• Data shown
▼▼▼
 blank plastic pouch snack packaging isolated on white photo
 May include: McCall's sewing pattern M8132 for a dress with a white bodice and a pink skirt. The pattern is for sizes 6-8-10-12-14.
▲▲▲
▼▼▼
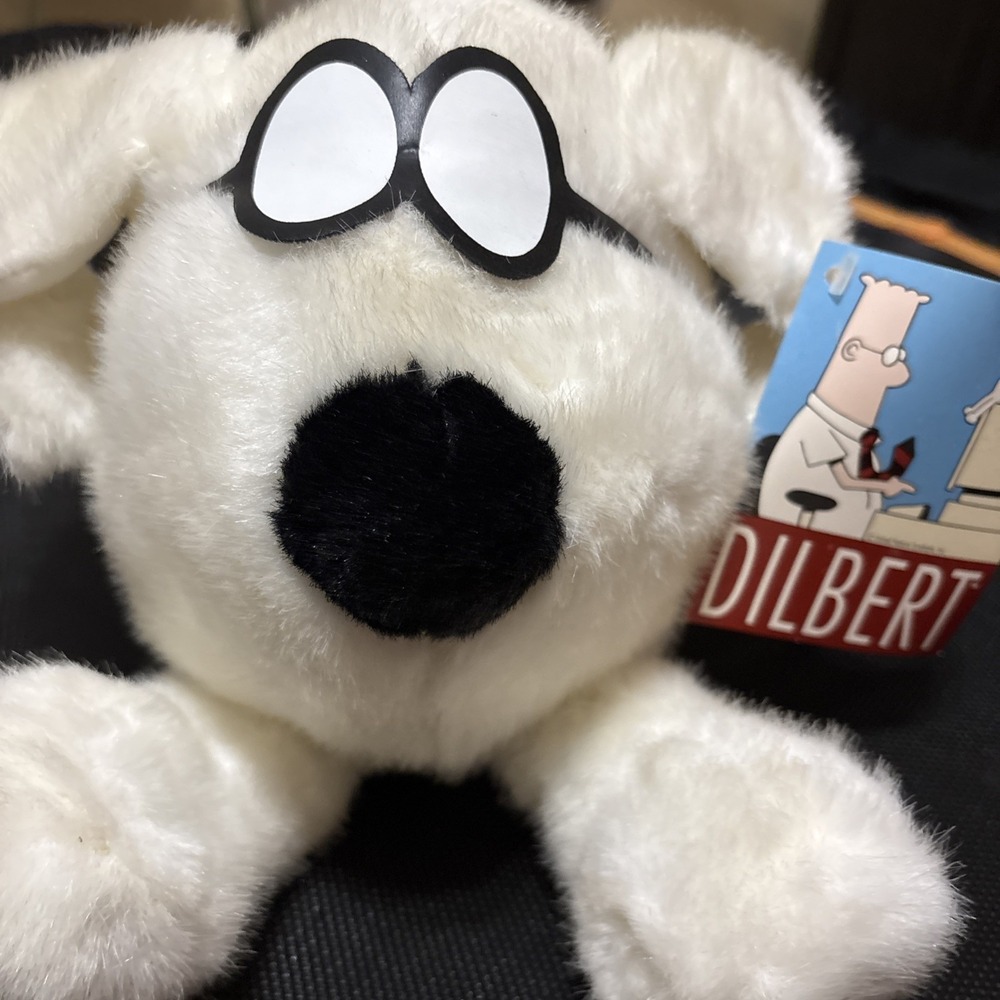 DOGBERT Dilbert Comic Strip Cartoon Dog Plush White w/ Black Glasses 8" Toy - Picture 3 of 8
▲▲▲
• Required work
Restate word for word the lines in the material above from the one with "blank plastic pouch" to the one with "May include: McCall's"; both of those lines count, and nothing else does.

• Answer section
 blank plastic pouch snack packaging isolated on white photo
 May include: McCall's sewing pattern M8132 for a dress with a white bodice and a pink skirt. The pattern is for sizes 6-8-10-12-14.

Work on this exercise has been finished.